He was also second-guessing some basic ideas about riding. “I always thought we should pull up and push down [over obstacles], but what’s actually happening is much more nuanced.” Look at a bike’s profile, and picture a circle with the bike’s bottom bracket at its center—Lee’s epiphany was that riders balance on their feet near that center, while the bike’s handlebars move along a radius from that center point, not simply up and down like a floor pump.
Plus, he hadn’t quite nailed his bike fit. What Lee learned was that when you find your ideal distance from the deck to your grips on the RipRow (the point where you have optimal range of motion and strength), you should set the same exact distance from the bottom bracket to your grips on your mountain bike.

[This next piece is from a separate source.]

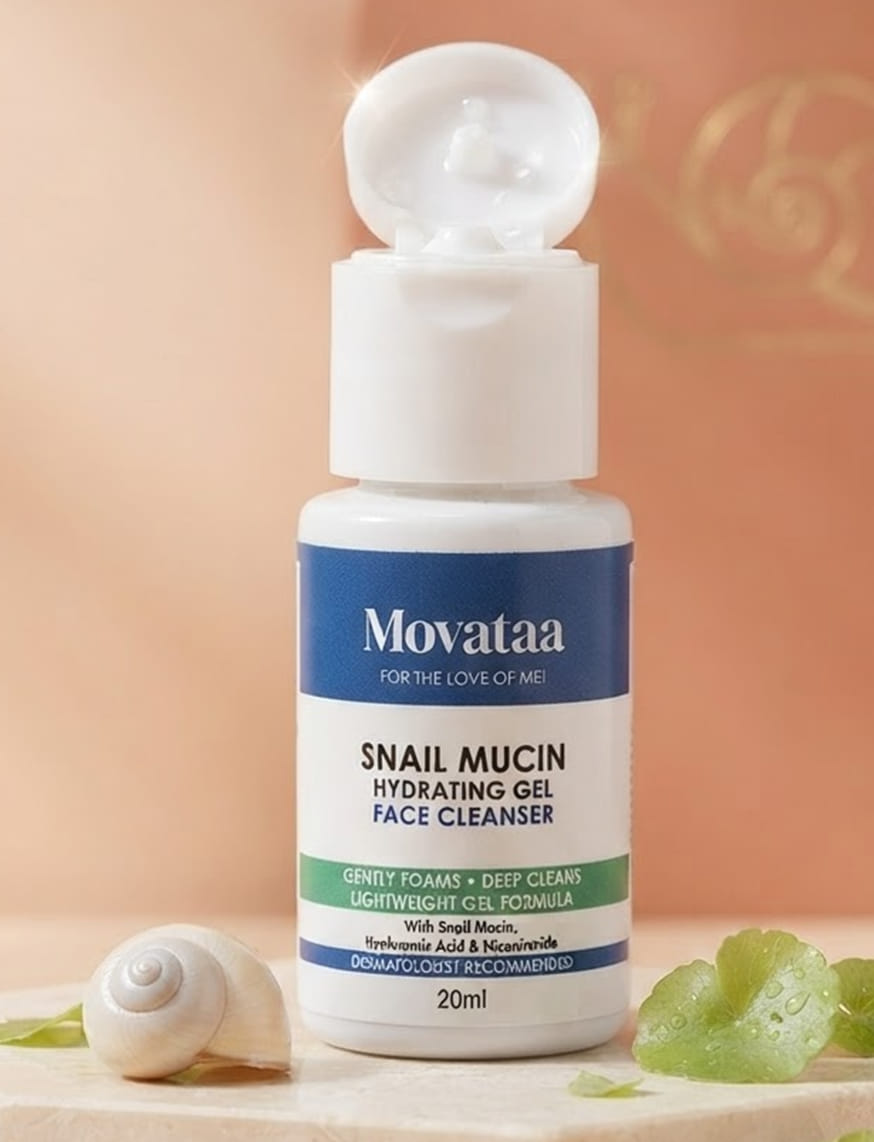 Snail Mucin Hydrating Gel Face Cleanser
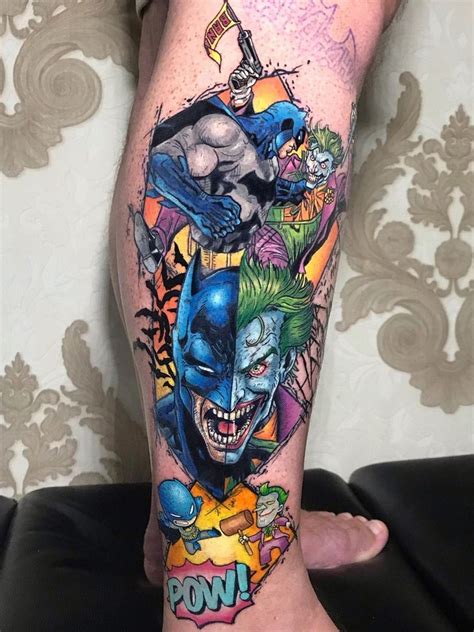 Joker Batman Tattoo Designs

Lee dubbed this the Rider Area Distance (or RAD) and says that for most riders this will equal your knuckle height while standing upright and holding the grips on the RipRow.
The RipRow is the creation that remedied all of Lee’s concerns. “It showed me precisely how to set up a mountain bike for optimal handling and taught me how to move more perfectly, while improving my strength and confidence.”

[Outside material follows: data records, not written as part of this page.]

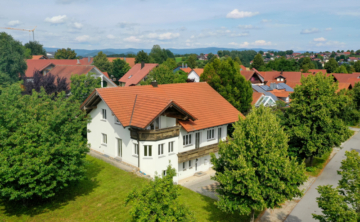 Absolut ruhig, neuwertig und eine fantastische Aussicht bis zu den Alpen!, 94327 Bogen, Einfamilienhaus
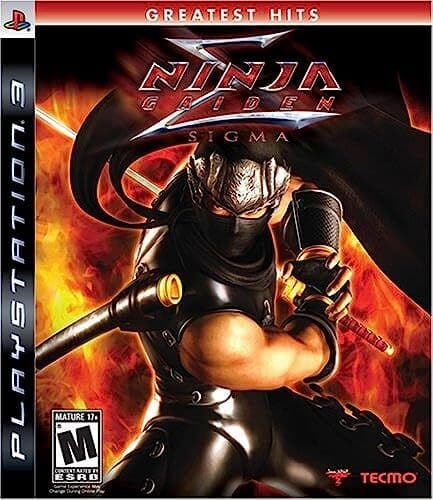 Ninja Gaiden Sigma / Game - Game Y6VG Pre-Owned
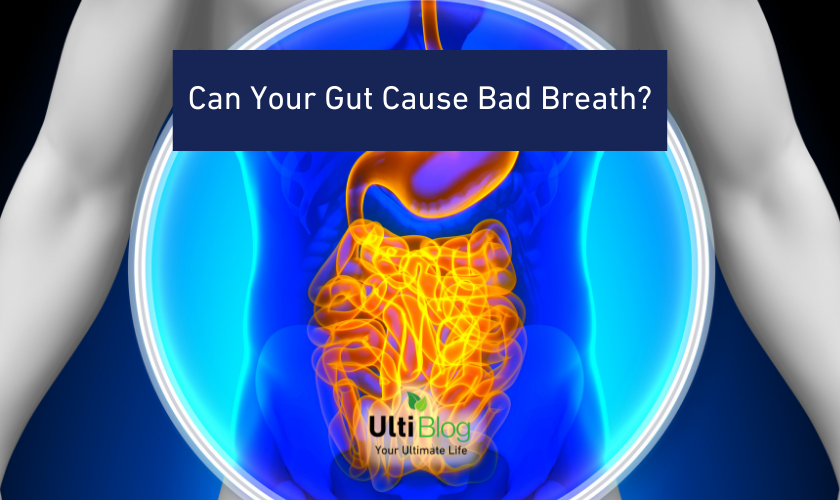 Can Your Gut Cause Bad Breath? in a post about Bad Breath From The Gut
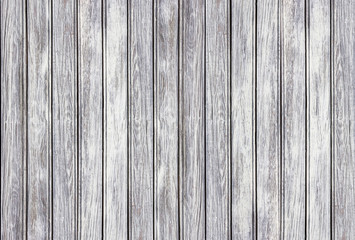 Fototapeta premium Grunge peeling white paint wood texture.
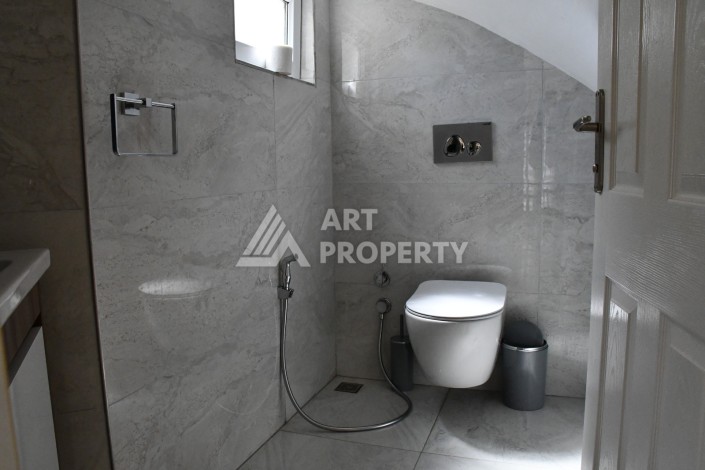 Вилла 3+1 в легендарном комплексе Gold City с панорамным видом на море и доступом к отельной инфраструктуре - Ракурс 20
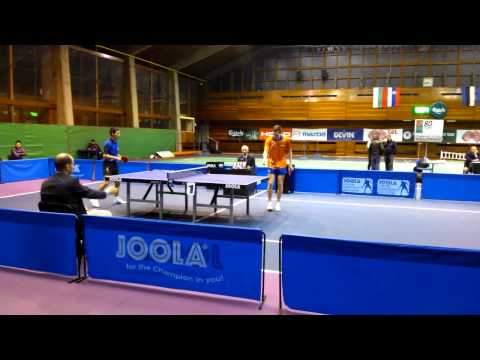 joola 2013 european championships qualifications - Petyo Krastev vs Rajko Gommers (9-11)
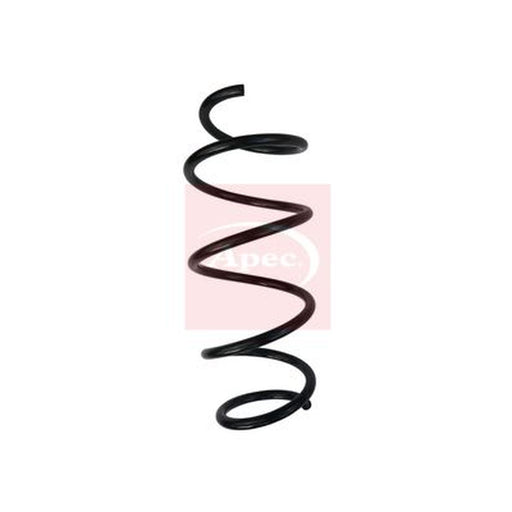 Apec 2 x Suspension Springs fits Fiat 500L 2012-2013 1.4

Over the past five years, Lee’s device has been through eight iterations, with thousands of riders giving feedback, before arriving at the slick and sturdy production model I tested for two months.
Here’s how it works: the unstable platform improves your balance and core strength over the course of the workouts. The upright frame’s push-pull resistance mimics a bike’s motion, enabling you to build strength for railing corners, hopping boulders, pumping, and more confidently landing drops.

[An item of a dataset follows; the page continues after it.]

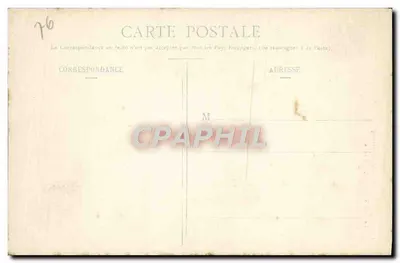 La Cathédrale de ROUEN — La Tour St-Romain, côté de la Cour d'Albane — C.V. 69 — Verso
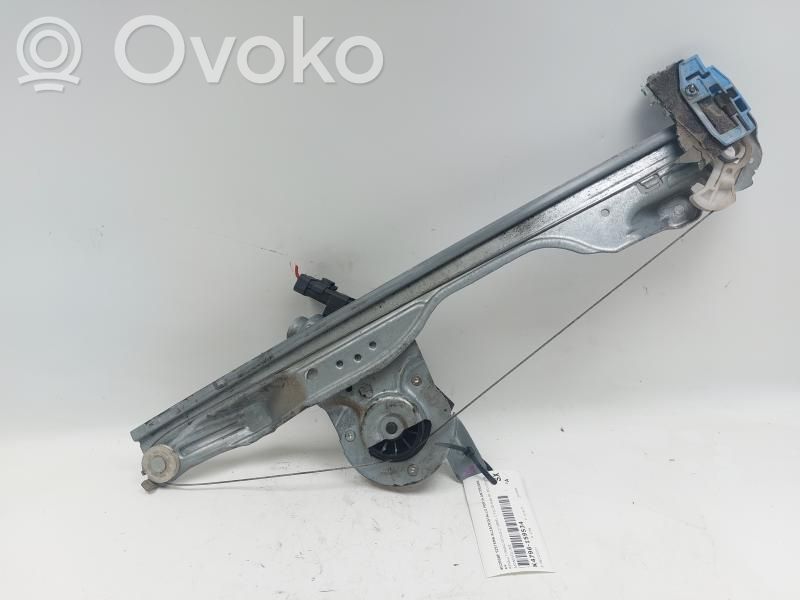 Renault Grand Modus Front door window regulator with motor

It’s easy to argue that simply adding rowing and deadlifts to your training program would suffice, but the RipRow mimics mountain biking in a way that nothing else does. There is no other machine that gives you push-pull in rapid succession, which is, I’ve learned, a key to great riding.
Testing the RipRow
At $999, the RipRow is expensive. Ever a passable journalist, I asked: Why would I buy this instead of just getting outside and riding more? Lee told me to use it for ten minutes daily for four weeks and see what I thought. After a quick lesson on fit and form, I headed home to check it out. Like the Shake Weight and Thighmaster before it, the RipRow puts you in some, let’s say, evocative poses. One in particular. Repeatedly. Mechanically. Thrustingly. On an elevated stage of sorts, no less. So, after I picked one up to test, I dragged it into my home office so I could RipRow in privacy. Then I called up some beginner training videos on the brand’s website. There are several moves, both suggestive and non.
“Wow,” my wife deadpanned when she peeked in. “What’s all this pumping and grinding doing for you?”
“It’s making me a better mountain biker,” I said. “I’m gonna shred.”
“Good luck with that.”
I began by learning the nine RipRow-specific movements, such as the high hinge, low hinge, and crazy-low hinge. “The primary ones come straight from the fundamental movements of mountain biking, which happen to be the fundamental movements of most activities,” Lee says. “All use proven biomechanics principles, and they’ve been OKed by real doctors who are also shredders.”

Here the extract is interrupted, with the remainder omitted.